San Jose appoints five new planning commissioners, expanding diversity
San Jose City Hall is pictured in this file photo.

After a lengthy effort to ensure geographic equity on San Jose’s planning commission, city leaders on Monday appointed five new members each from a different district.

The commission advises San Jose lawmakers on land use decisions and under certain circumstance can approve some projects without the City Council’s review.

Months of advocacy for more representation for people of color from the East Side culminated in Monday’s vote to re-appoint Mariel Caballero, one of two Latinx members who was recently elected chair, until 2024 and appoint Jorge Antonio Garcia to a vacancy expiring in 2024.

“It goes back to validating the concerns the community brings to the table and bringing solutions that can benefit the impacted areas and not have certain portions of the community be left behind,” Garcia said.

The three other members appointed Monday are real estate attorney George Casey, preschool teacher Deborah Torrens and Housing and Community Development Commissioner Justin Lardinois. Casey’s and Torrens’ terms will end in 2024 and Lardinois was the sole appointee with a term ending in 2022.

Garcia comes from District 8, Casey is from District 10, Caballero lives in District 3, Torrens is from District 2 and Lardinois hails from District 1, according to City Clerk Toni Taber.

The newly-appointed Planning Commission members share concerns about ensuring equity for the city’s poorest neighborhoods and increasing affordable housing in San Jose. The candidates said too many people are leaving San Jose due to a lack of jobs and affordable housing.

“My daughter and her husband just decided they didn’t want to try to make a go over here,” Torrens said. “She graduated from San Jose State just a few weeks ago and moved to Utah … So it’s a sad loss.”

Casey said the key to solving these problems is boosting both residential and commercial development.

“It’s been far too long that we didn’t address the jobs issue,” Casey said. “I’d like to see more jobs in San Jose. I think it would have an environmental benefit as well. It would take a lot of cars off the freeway to have a robust employment center in downtown.”

Councilmembers questioned the commissioners about how they’d approach San Jose’s jobs-housing imbalance, which shows the city has more homes than jobs and people are forced to leave the city each day for work. Lardinois, who’s a software engineer for Google Cloud, came under scrutiny for a potential conflict of interest as the tech giant prepares to build a sprawling campus in downtown San Jose.

“I, of course, would recuse myself on anything Google-related,” Lardinois said. “I don’t think that’ll have a large negative impact on my ability to serve because Google is far from the only entity that is doing things in San Jose and will have things come before the Planning Commission.”

But as the youngest commissioner and a member of the LGBT community,  Lardinois, 26, said he could bring additional perspective to the commission.

Community leaders on Monday stressed the importance of planning commissioners focusing on ending systemic racism, discriminatory land use provisions and policies that displace people of color.

For example, East Side activists have called out form-based code planning that allows developers to build projects along the Alum Rock corridor without the City Council’s approval, as first reported by San José Spotlight in June 2019.

“East San Jose has a form-based code policy in the Alum Rock urban village that exists nowhere else in San Jose, and that’s what makes it ground zero for mass development,” said Elma Arredondo, an officer for the Alum Rock Urban Village Advocates Community Group. “The community is understandably concerned with the qualifications of candidates to include knowledge of and sensitivity to the equity.”

Garcia now becomes the second representative from East San Jose, joining Planning Commission Vice Chair Rolando Bonilla.

Last year, the City Council’s appointment of former Councilmember Pierluigi Oliverio over multiple Latino candidates outraged residents of the East Side.
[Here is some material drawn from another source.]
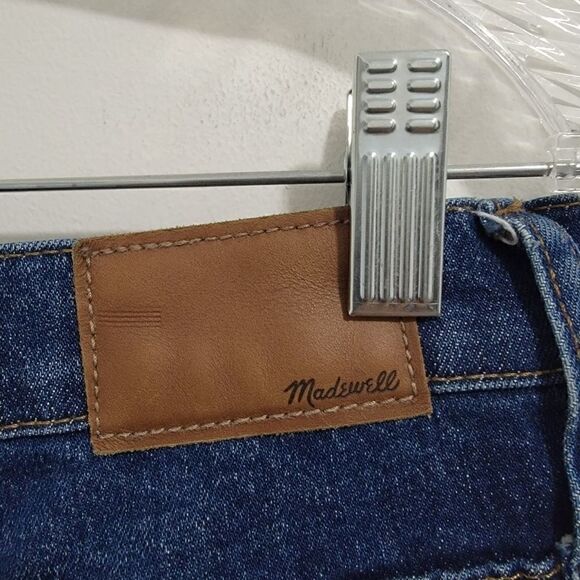 MADEWELL The High-Rise Slim Boyjean Medium Wash Size 29 - Picture 9 of 16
Oliverio, a white man from District 6, joined a predominantly caucasian commission from affluent neighborhoods in San Jose.

East San Jose residents, business owners and lawmakers demanded more representation on the panel as their community became hub for major developments with limited regulation. In an effort to improve racial and geographic representation on the powerful panel, San Jose lawmakers approved a slew of reforms, including allowing only two people from the same City Council district to serve on the commission and expanding the size of the commission from a even members to 11.

Expanding the commission to 11 members requires a charter amendment change, which must be approved by voters.